I'm trying to understand the tutorial on references in Perl
perldoc perlreftut
So far with the code below, I'm initializing an empty hash with
my %table
Here is the whole program
#!/usr/bin/perl -w
use strict;
my %table;
while (<DATA>) {
chomp;
my ($city, $country) = split /, /;
#$table{$country} = [] unless exists $table{$country};
push @{$table{$country}}, $city;
print @{$table{$country}};
}
__DATA__
Chicago, USA
Frankfurt, Germany
Berlin, Germany
Washington, USA
Helsinki, Finland
New York, USA
Can somebody explain to me the line below because I'm confused since I see a reference (I think) here but it was initialized as a hash with %table.
push @{$table{$country}}, $city;
You are declaring the hash %table
. The declaration is when you tell Perl that there is a lexically scoped variable. Initialization is when you assign a value to a variable the first time. You did not initialize it, so Perl puts a default value. Because it's a hash, it starts out with an empty list ()
, which amounts to false.
You do have a dereference operator in this line.

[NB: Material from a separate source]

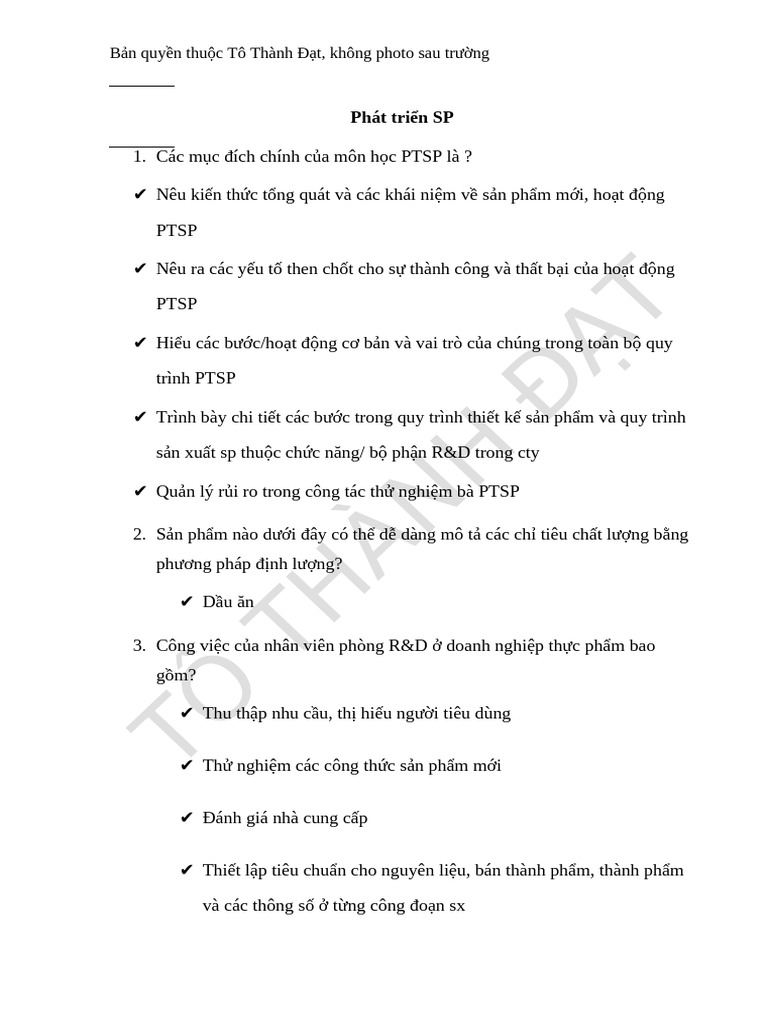 Trắc nghiệm PTSP | PDF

push @{$table{$country}}, $city;
It says take the value $table{$country}
as an array reference, dereference it, and then push $city
into that array. There is a feature called auto-vivification that automatically creates the necessary array ref before the value is pushed.
So after the first round over the input, you now have this data structure:
%table = ( 'USA' => [ 'Chicago' ] )
%table
is a hash, but the key USA
inside that hash holds an array reference.
To create multi-level data structures in Perl, you need reference. But the first level does not need to be a reference. It can be a hash or an array.